Socrata's wide client base of agencies has taught it a lot, says Merritt. With all that data, Socrata has built models for new clients to speed up adoption of Socrata's SaaS products. The same-sized cities tend to have the same-sized problems: aside from needing fewer snow plows, Seattle and Boston have very similar problems. (Side note: Check out how Seattle and Boston measure up using Socrata's Open Data Network tool.)
There's another reason to upgrade now: the Internet of Things. As cities consider deploying sensors to track myriad urban conditions, from weather to traffic to space usage, they must also account for how to store and make sense of all that new data.
New custom data systems built for each department, like the older ones Socrata is replacing, are likely Socrata’s biggest competition, says Rabah. But Rabah considers these "custom stovepipe systems" to be inferior at the outset: In his estimation, they’re incredibly hard to maintain and don’t trade data well (if at all) with other data systems.
"If you look at it from the perspective of a typical midsize or large government situation, they have thousands of enterprise systems out there, and every one has its own data systems and data stores. They’re incredibly disjointed, reductive, expensive to maintain, and unsustainable in the long term," says Rabah. "Our competition is the status quo, legacy IT, and disconnected proprietary systems that are incredibly complex."

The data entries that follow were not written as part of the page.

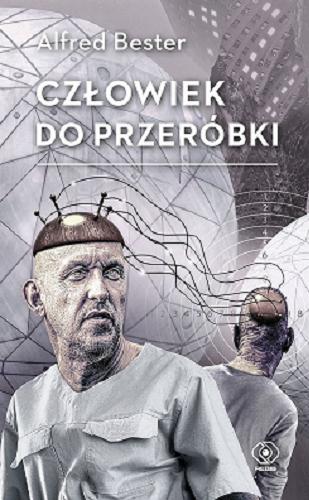 Okładka książki Człowiek do przeróbki / Alfred Bester ; przełożył Andrzej Sawicki.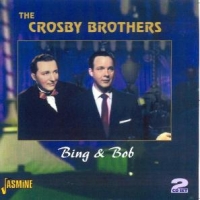 Crosby Brothers, The Bing & Bob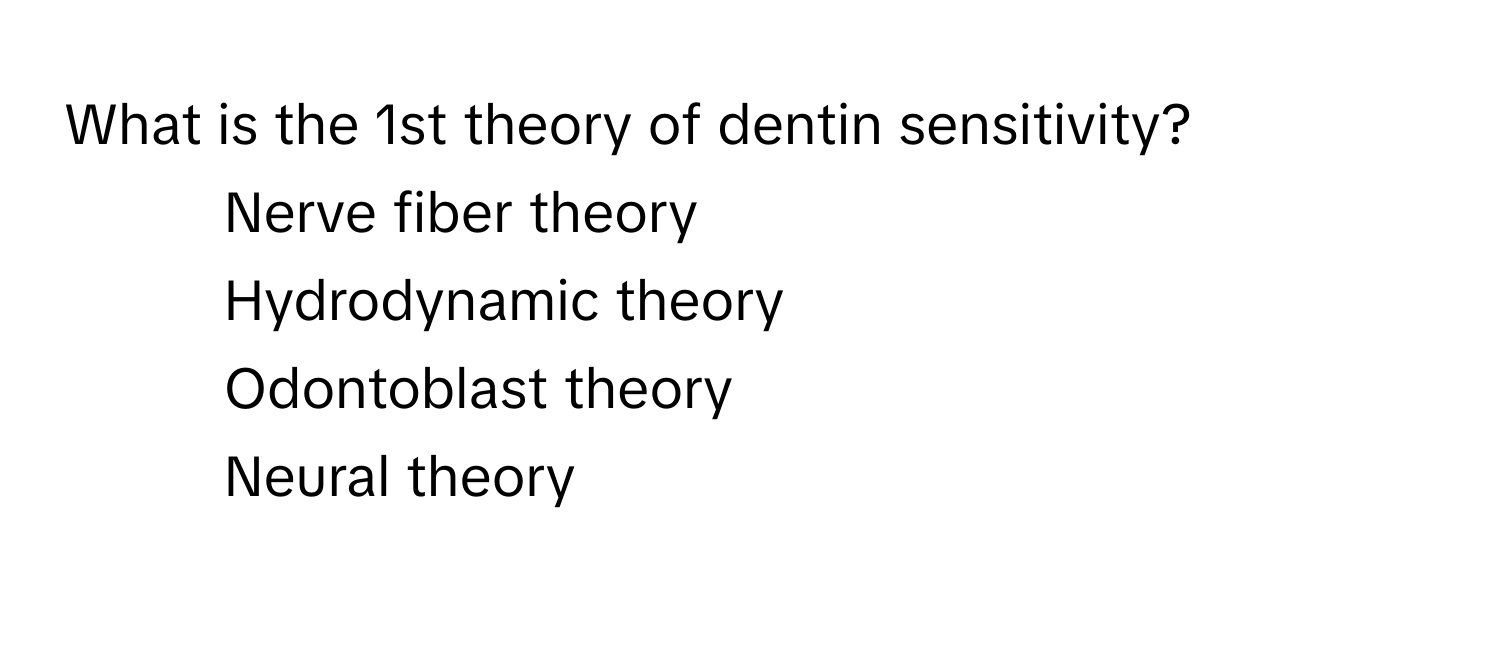 What is the 1st theory of dentin sensitivity?

1) Nerve fiber theory 
2) Hydrodynamic theory 
3) Odontoblast theory 
4) Neural theory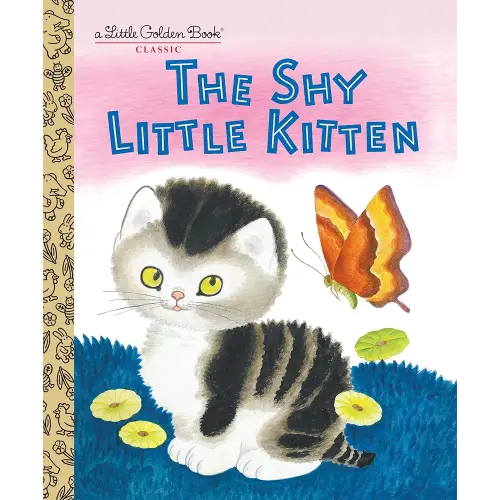The Shy Little Kitten (Little Golden Books)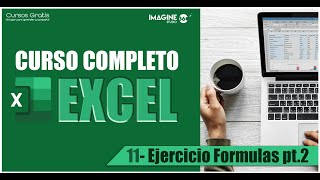 Curso GRATIS de Excel 】 2023 ✅ Desde Cero  11 Ejercicio con Formulas Pt2 [upl. by Tannie]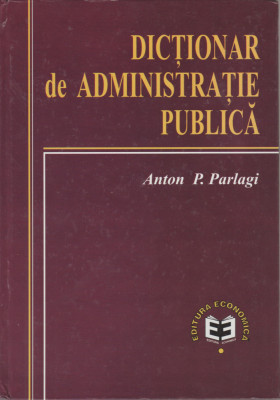Anton P. Parlagi - Dictionar de administratie publica foto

Of course, there are other groups and vendors that are helping governments open up data. Rabah doesn’t see them as competition: They’re part of the big movement to get data out of dark systems and put it in the public domain. And they’d be wise to do it: liberating data could unlock $3.2 trillion to $5.4 trillion in economic value per year, according to a 2013 McKinsey Global Institute study. Unlocking data, the study claims, will enable greater economic efficiency, development of new products and services, and a "consumer surplus" generated by better cost comparisons and product quality.